▸ **Exercise directions**
With the pictures left out, retype exactly the lines below starting at the line that contains "The Great Latin" and ending at the line that contains "160 free spins bonus at Slots500 Casino".

▸ **Source material**
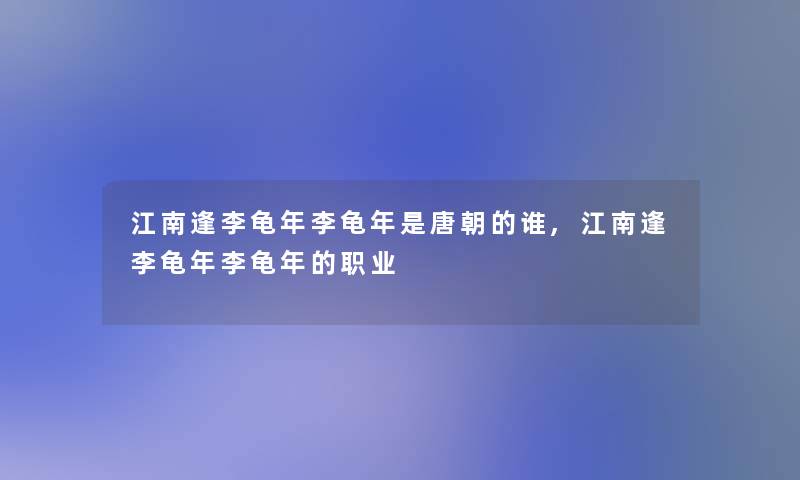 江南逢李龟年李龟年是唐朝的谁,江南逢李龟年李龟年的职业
* * *
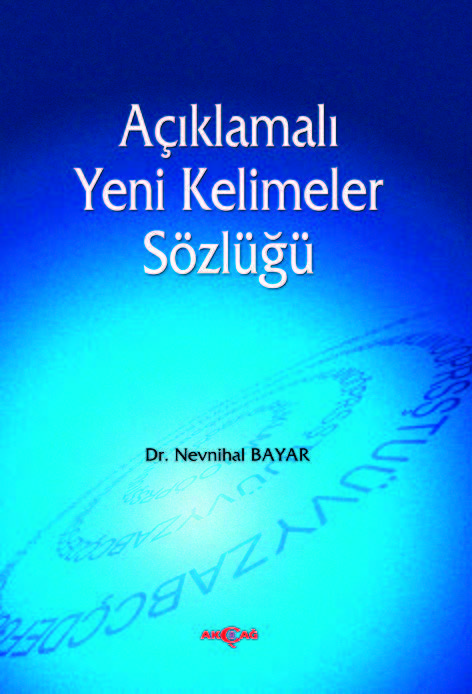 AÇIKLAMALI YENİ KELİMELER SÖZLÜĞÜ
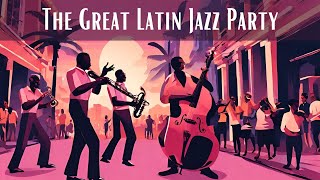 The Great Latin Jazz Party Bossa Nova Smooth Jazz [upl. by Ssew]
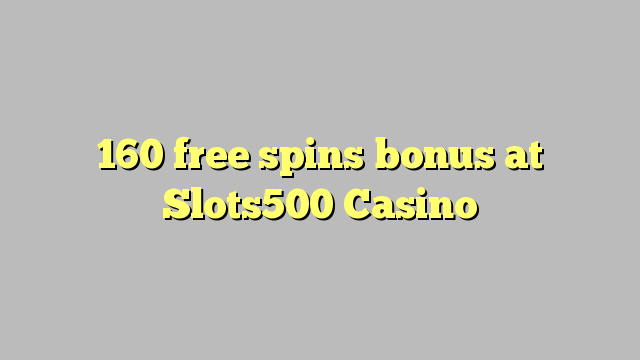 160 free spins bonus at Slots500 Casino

▸ **Answer area**
 The Great Latin Jazz Party Bossa Nova Smooth Jazz [upl. by Ssew]
 160 free spins bonus at Slots500 Casino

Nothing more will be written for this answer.